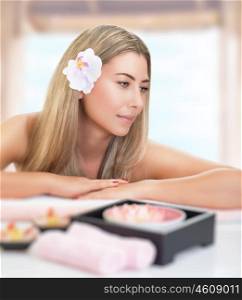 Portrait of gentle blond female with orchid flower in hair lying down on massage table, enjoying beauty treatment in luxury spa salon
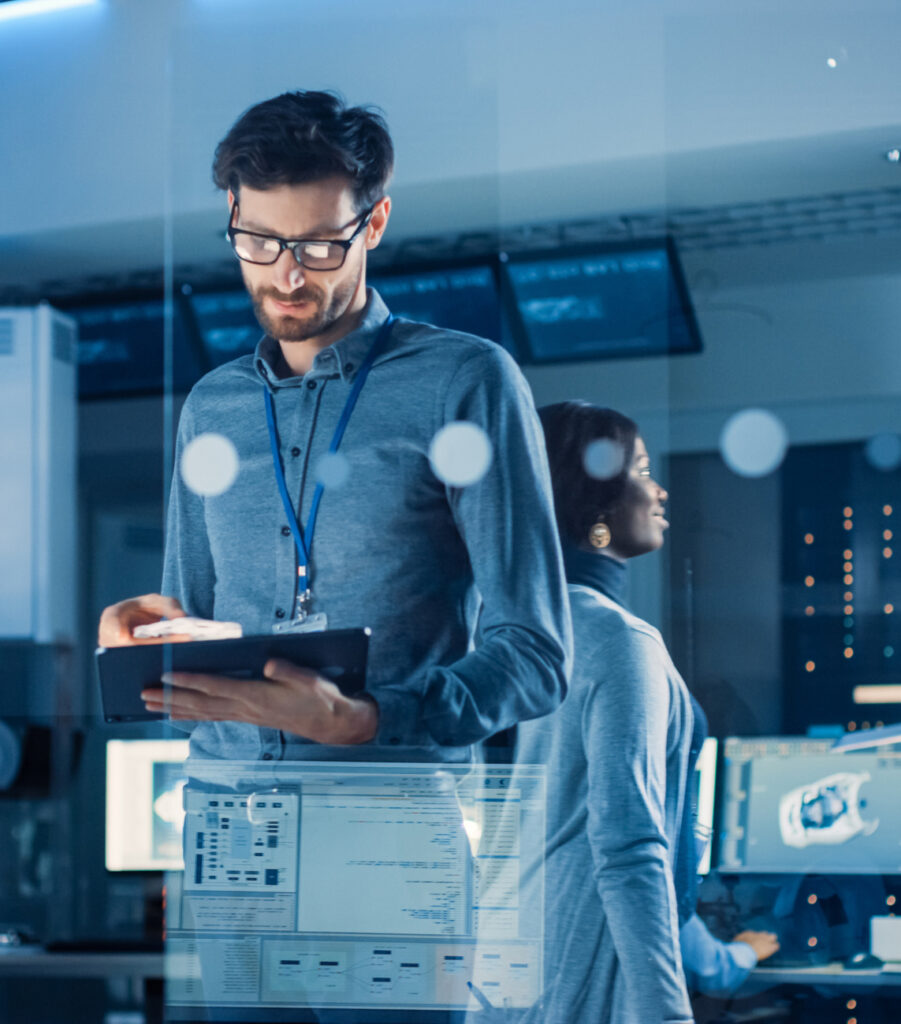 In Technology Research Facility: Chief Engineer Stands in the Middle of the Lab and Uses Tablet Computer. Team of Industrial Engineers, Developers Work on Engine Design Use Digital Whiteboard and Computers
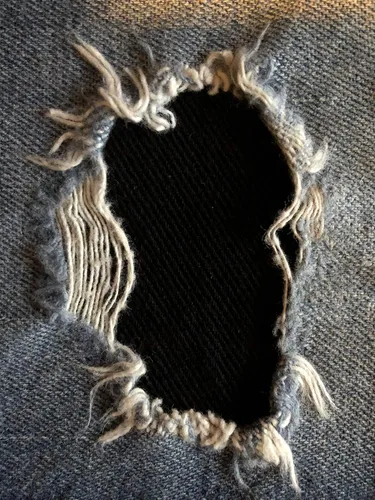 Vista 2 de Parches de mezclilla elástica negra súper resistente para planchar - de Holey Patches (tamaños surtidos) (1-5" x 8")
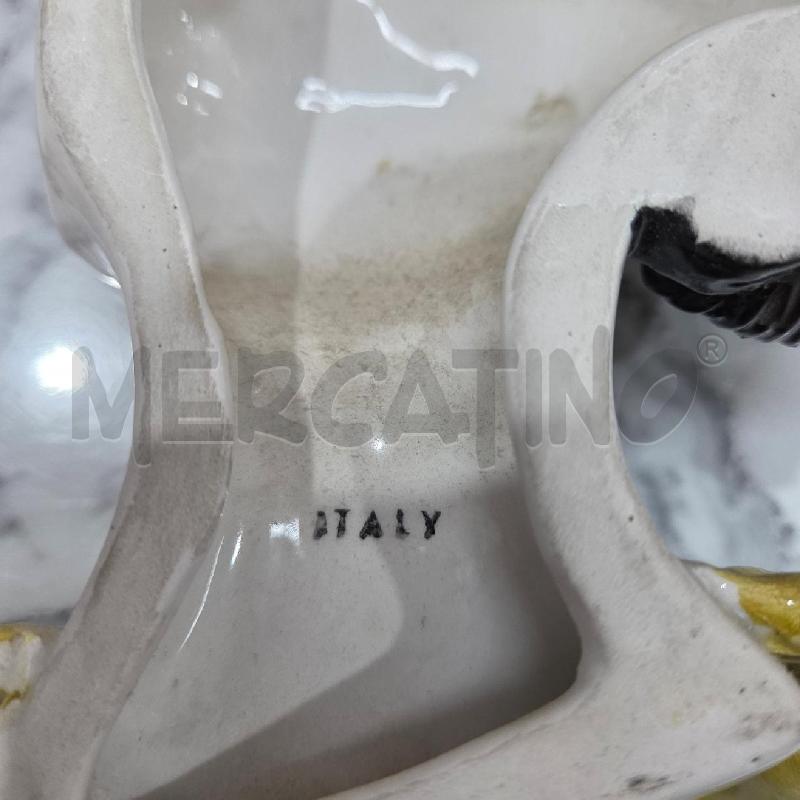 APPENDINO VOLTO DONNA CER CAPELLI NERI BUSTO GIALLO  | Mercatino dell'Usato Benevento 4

What is expected
Return exactly the lines that begin with the one containing "Vista 2 de Parches" and end with the final line of the data above; include no pictures.

Exercise answer
 Vista 2 de Parches de mezclilla elástica negra súper resistente para planchar - de Holey Patches (tamaños surtidos) (1-5" x 8")
 APPENDINO VOLTO DONNA CER CAPELLI NERI BUSTO GIALLO  | Mercatino dell'Usato Benevento 4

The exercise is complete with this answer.